Learning High-Fidelity Cloth Animation via Skinning-Free Image Transfer
Rong Wang, Wei Mao, Changsheng Lu, Hongdong Li
TL;DR
The paper tackles the challenge of producing high-fidelity 3D garment deformations by avoiding the artifacts of linear blend skinning. It decouples low- and high-frequency garment information into vertex positions and normals, renders both as 2D texture images, and performs 2D image transfer to estimate pose-dependent shape and wrinkles. A multimodal fusion framework then refines the 3D mesh by combining information from both modalities, leveraging pretrained vision models for perceptual quality. Experiments on multiple datasets show improved deformation accuracy and wrinkle realism over skinning-based methods, with strong generalization to new garments and body shapes. This approach enables scalable, topologically diverse garment animation without manual UV partitioning or explicit skinning supervision.
Abstract
We present a novel method for generating 3D garment deformations from given body poses, which is key to a wide range of applications, including virtual try-on and extended reality. To simplify the cloth dynamics, existing methods mostly rely on linear blend skinning to obtain low-frequency posed garment shape and only regress high-frequency wrinkles. However, due to the lack of explicit skinning supervision, such skinning-based approach often produces misaligned shapes when posing the garment, consequently corrupts the high-frequency signals and fails to recover high-fidelity wrinkles.

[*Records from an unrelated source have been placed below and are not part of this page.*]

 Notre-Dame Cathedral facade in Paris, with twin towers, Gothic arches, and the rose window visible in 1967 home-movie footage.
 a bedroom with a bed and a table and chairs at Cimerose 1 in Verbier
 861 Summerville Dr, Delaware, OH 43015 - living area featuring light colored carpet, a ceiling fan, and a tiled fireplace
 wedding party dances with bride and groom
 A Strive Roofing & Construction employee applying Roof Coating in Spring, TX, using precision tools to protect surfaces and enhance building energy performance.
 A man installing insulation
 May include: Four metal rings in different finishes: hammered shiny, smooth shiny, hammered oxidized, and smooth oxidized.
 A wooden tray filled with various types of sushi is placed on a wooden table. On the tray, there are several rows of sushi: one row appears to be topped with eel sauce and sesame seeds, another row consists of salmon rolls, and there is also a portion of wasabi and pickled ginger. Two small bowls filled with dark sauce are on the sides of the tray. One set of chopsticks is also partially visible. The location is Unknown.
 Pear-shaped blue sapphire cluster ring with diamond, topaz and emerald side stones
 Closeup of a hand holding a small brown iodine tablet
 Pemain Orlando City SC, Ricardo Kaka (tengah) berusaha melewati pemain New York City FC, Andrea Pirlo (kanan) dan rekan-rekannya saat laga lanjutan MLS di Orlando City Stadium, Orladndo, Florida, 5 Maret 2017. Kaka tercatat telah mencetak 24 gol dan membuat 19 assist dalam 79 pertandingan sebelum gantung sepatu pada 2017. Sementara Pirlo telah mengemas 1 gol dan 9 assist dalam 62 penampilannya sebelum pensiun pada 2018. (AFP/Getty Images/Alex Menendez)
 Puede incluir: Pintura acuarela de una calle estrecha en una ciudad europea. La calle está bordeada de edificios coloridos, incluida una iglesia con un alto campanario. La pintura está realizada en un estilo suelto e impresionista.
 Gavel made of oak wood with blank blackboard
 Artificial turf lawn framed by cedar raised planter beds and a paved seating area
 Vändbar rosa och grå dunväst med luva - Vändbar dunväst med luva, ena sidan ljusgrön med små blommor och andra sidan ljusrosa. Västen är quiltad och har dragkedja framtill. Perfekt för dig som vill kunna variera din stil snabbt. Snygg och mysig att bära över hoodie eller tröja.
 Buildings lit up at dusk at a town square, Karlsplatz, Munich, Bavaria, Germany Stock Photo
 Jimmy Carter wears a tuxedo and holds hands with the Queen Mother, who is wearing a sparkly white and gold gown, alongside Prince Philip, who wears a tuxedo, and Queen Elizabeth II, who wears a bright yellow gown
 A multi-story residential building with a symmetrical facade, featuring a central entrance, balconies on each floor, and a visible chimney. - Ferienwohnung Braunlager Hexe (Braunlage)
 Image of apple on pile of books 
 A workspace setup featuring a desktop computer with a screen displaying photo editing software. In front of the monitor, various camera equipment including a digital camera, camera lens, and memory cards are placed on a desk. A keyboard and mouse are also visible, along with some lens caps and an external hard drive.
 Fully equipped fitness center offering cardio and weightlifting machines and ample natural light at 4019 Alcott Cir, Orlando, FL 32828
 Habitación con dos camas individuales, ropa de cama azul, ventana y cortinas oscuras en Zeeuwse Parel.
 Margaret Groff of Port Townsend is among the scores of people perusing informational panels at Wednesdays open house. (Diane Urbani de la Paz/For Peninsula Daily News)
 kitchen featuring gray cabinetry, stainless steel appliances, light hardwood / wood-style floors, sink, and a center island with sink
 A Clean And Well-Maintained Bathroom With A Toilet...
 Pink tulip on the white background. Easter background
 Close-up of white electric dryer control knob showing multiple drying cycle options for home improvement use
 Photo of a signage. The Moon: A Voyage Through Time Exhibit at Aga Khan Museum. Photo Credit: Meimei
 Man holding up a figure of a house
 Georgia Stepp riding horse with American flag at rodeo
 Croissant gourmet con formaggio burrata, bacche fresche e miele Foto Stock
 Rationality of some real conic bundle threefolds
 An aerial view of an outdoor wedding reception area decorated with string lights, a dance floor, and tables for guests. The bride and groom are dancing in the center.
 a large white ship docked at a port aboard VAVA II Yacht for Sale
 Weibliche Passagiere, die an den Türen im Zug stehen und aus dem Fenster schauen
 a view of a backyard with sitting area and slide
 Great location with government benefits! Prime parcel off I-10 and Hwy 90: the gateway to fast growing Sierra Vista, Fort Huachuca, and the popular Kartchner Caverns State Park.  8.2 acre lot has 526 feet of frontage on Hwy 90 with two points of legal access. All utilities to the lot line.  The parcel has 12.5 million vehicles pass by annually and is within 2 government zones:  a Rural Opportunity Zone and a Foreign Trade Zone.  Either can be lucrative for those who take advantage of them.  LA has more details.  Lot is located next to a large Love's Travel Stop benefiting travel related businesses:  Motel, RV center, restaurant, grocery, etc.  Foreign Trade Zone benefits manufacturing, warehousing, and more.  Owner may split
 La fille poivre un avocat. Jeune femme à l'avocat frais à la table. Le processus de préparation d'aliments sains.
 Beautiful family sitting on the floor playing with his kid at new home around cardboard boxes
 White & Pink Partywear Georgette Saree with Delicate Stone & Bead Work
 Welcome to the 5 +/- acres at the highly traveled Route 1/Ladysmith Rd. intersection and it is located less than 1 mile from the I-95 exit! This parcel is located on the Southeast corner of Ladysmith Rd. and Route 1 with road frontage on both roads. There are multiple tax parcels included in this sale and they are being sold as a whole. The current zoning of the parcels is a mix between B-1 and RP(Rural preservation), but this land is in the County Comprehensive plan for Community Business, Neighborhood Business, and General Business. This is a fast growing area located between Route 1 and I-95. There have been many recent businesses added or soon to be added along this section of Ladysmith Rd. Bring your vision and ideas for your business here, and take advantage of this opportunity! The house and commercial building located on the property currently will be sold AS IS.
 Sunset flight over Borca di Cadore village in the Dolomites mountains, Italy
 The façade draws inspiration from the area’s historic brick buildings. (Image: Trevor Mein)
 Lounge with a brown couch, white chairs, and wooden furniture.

To tackle this issue, we propose a skinning-free approach by independently estimating posed (i) vertex position for low-frequency posed garment shape, and (ii) vertex normal for high-frequency local wrinkle details. In this way, each frequency modality can be effectively decoupled and directly supervised by the geometry of the deformed garment. To further improve the visual quality of animation, we propose to encode both vertex attributes as rendered texture images, so that 3D garment deformation can be equivalently achieved via 2D image transfer. This enables us to leverage powerful pretrained image models to recover fine-grained visual details in wrinkles, while maintaining superior scalability for garments of diverse topologies without relying on manual UV partition. Finally, we propose a multimodal fusion to incorporate constraints from both frequency modalities and robustly recover deformed 3D garments from transferred images. Extensive experiments show that our method significantly improves animation quality on various garment types and recovers finer wrinkles than state-of-the-art methods.